Baby models for obstetrics

Baby models

One note about museums: Based on the current trip and previous trips, you can expect that backpacks will not be allowed in an indoors Italian museum. Although the museum usually has a columbarium of niches for backpacks or an actual baggage check, we never received a claims ticket. So there’s no guarantee your pack will be there when you’re ready to leave, particularly in the high tourist season, when lots of other people are coming and going. Don’t leave anything valuable in your pack. Or just leave it home.

After the museum, we stopped for a gelato—pistacchio—at a shop inside the university. After mostly eating low-cal frozen yogurt, gelato is amazingly rich and yummy. Of course, the downside is that you need to walk many a mile afterwards to get rid of the extra calories. We were briefly tempted by the Due Torri (two towers), as the taller one lets you climb to the top. But it’s something like 500 steps, and we decided to spare our knees the stress. The smaller tower is closed to tourists, as it has a distinct and visible lean: 3.2 m (about 10 feet).

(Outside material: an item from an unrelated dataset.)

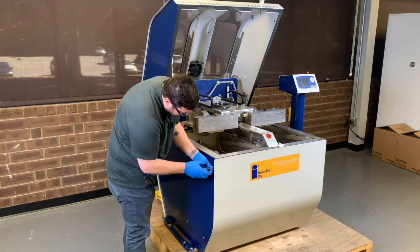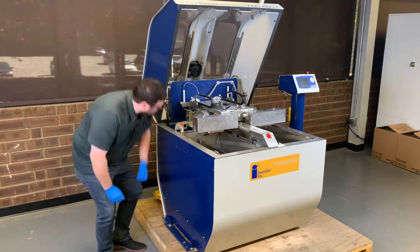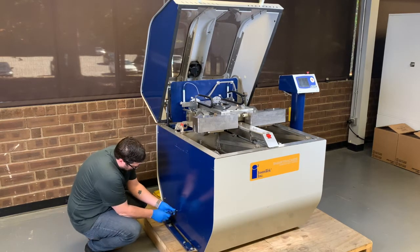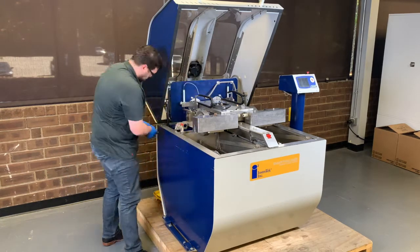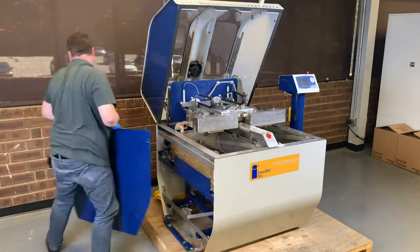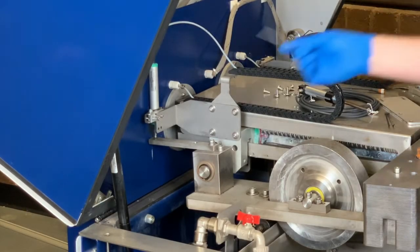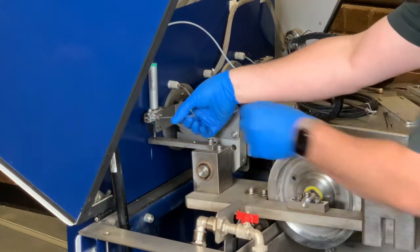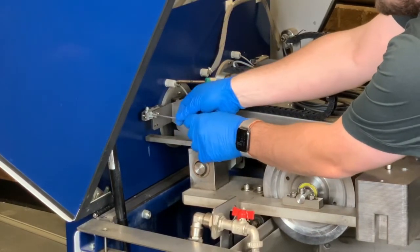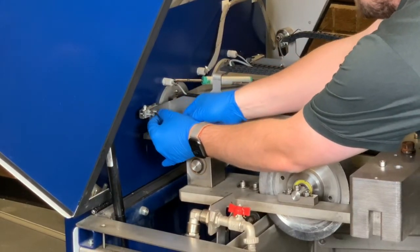Remove the screws from the side. Using a three millimeter Allen wrench, we're going to remove this set screw, which will allow the LVDT to move out of the way. Then remove these two small screws, being careful to keep them because they're needed.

Our last museum stop of the day was the medieval museum, which has a ton of cool stuff, including both homegrown artifacts and stuff imported from as far away as China and Japan. No standouts, but there’s a good collection of Italian arms and armor from the Renaissance period for sword nuts like me.

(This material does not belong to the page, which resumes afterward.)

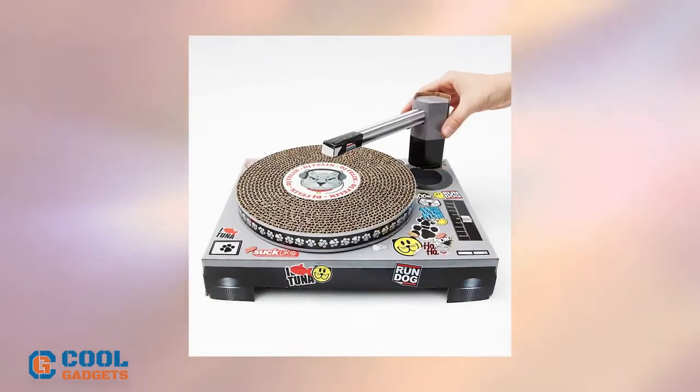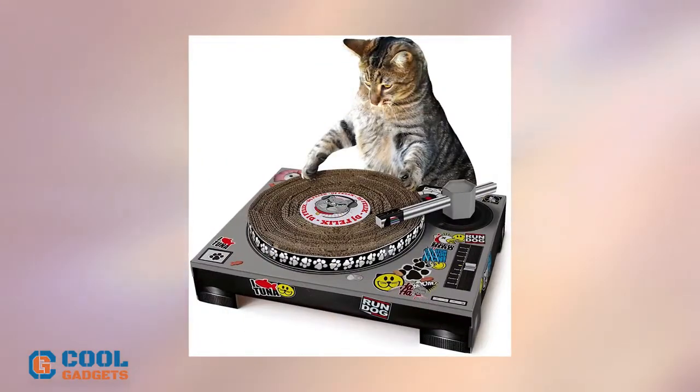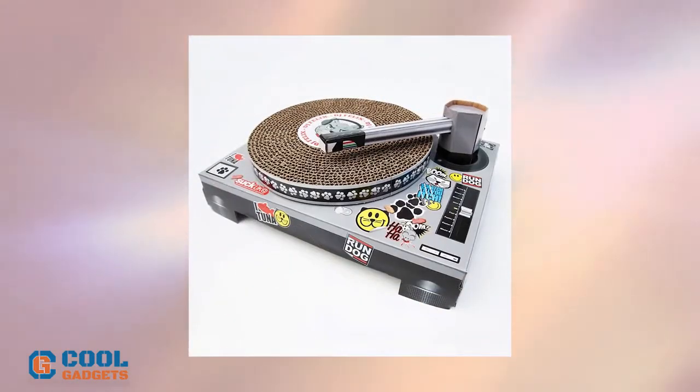Fold together the board pieces and let your pet do the rest. It's a useful scratchy toy that prevents your cat from tearing up your plush furnishings or ripping other cardboard boxes to shreds. Distract your animal and save the sofa.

We headed home for a pre-dinner nap, then headed out to Biagi, the restaurant our host had recommended. Unfortunately, it was closed, so we foraged along the way back home. Our choice was Il Roscio, which was a vegan-friendly place that featured organic foods from local suppliers—which appealed to our social conscience, plus the menu looked good. We weren’t hugely hungry, so we decided to order two courses and split them. Beer was Senatrice (a tasty saison ale), which is produced by a local organic farm. We had gnochetti (the menu claimed cabbage filling but seemed more like leek) with carrot coulis for our first course, and it was lovely. For our second course, we had roast coniglio (rabbit), which (surprise!) tasted a lot like chicken, though with a richer and more complex flavor. It was nice and tender, with a hint of lemon. We ordered it with a side (contorno) of market veggies: roast broccoli, leeks, and potatoes stained black with black olives. Yum! Good local bread, fresh and chewy, to soak up the gravy and oil/vinegar. Finished off with a vegan tiramisu; though not as good as the non-vegan kind, it was a nice way to end the meal. Plus, of course, a decaff espresso, and since I was trying to be a good tourist, I didn’t order it with milk. (Italians only have milk in their coffee at breakfast.)

Tomorrow’s plan: Off to Ravenna to see why it’s a UNESCO world heritage site.